- YOUR OBJECTIVE
In the entries below, find the line with "442 Briercliff Drive Orlando FL 32806" and the line with "Thumbnail 2 in". Repeat exactly everything between them, those two lines included, but not the pictures.

- SOURCE DATA

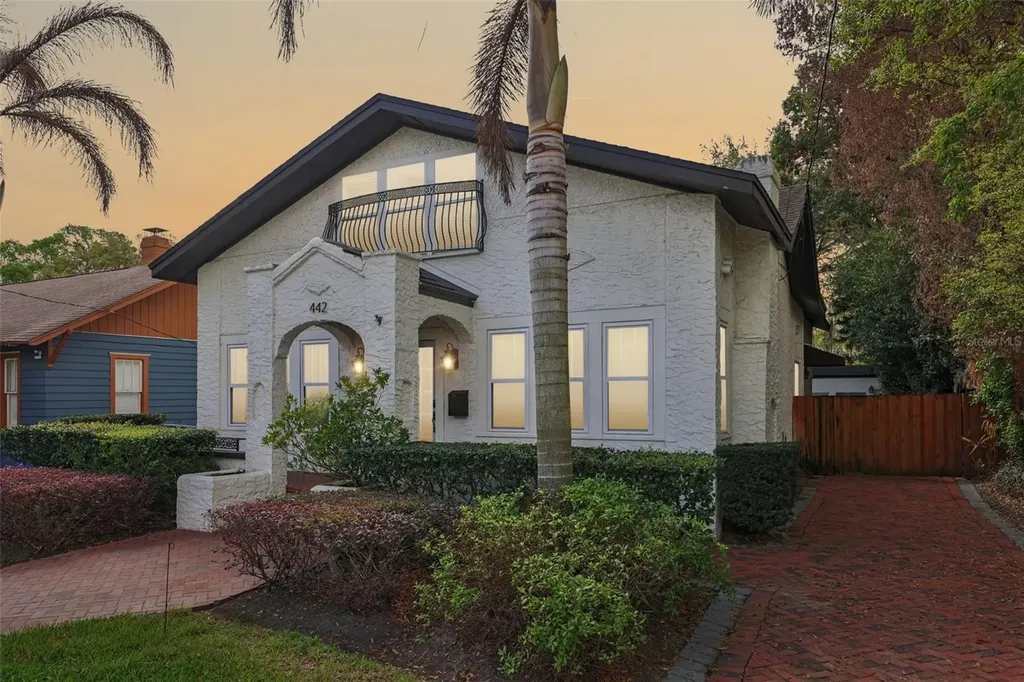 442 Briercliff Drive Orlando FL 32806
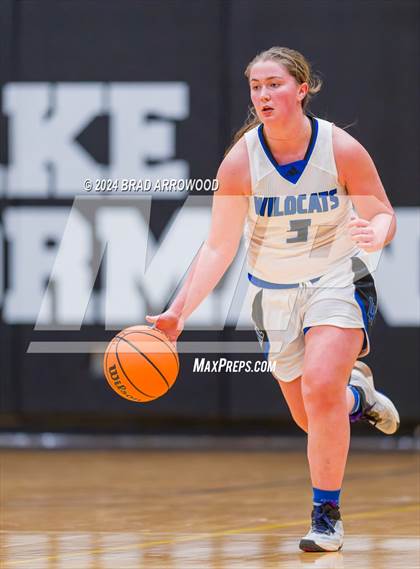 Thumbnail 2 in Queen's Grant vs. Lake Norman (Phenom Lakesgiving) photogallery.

...

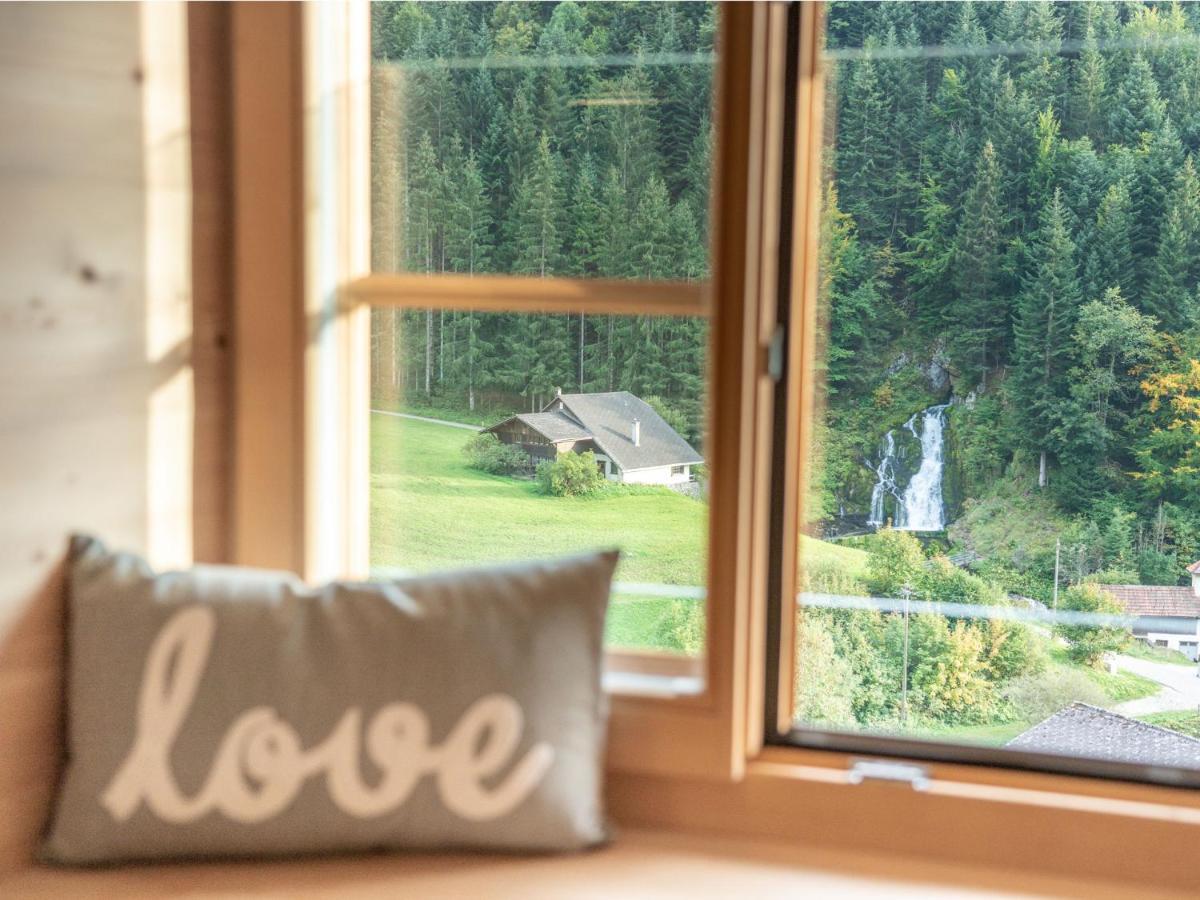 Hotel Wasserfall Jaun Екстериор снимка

---

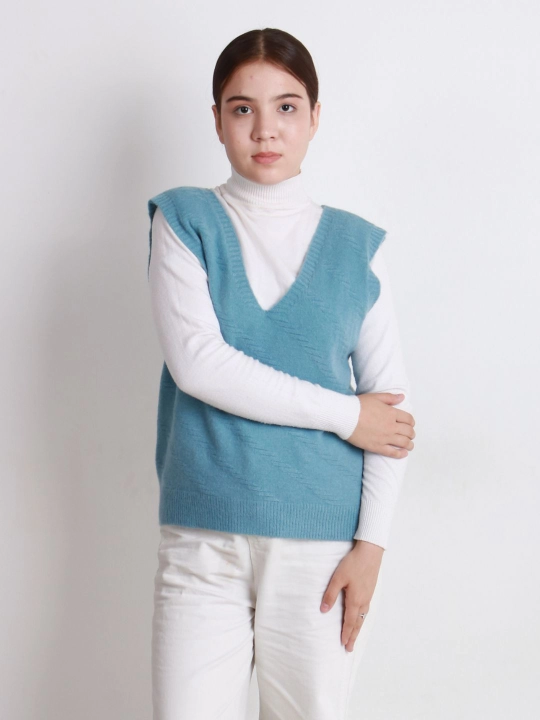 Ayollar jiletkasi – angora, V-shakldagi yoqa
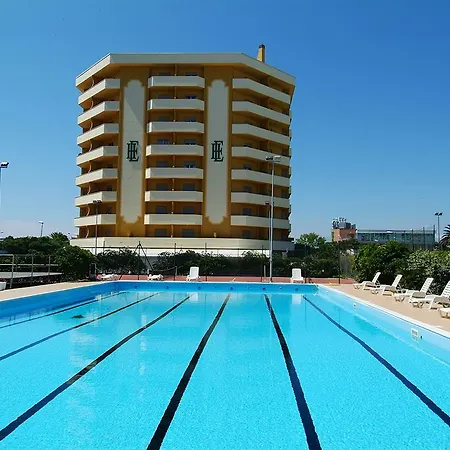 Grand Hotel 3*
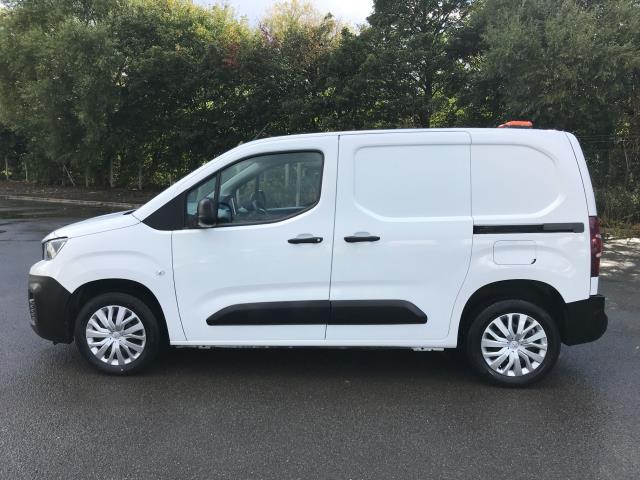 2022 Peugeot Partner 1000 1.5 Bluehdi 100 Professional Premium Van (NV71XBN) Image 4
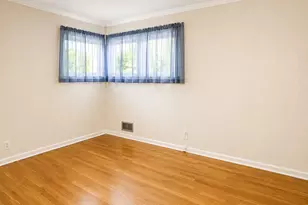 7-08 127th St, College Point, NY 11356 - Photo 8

- SOLUTION BELOW
 442 Briercliff Drive Orlando FL 32806
 Thumbnail 2 in Queen's Grant vs. Lake Norman (Phenom Lakesgiving) photogallery.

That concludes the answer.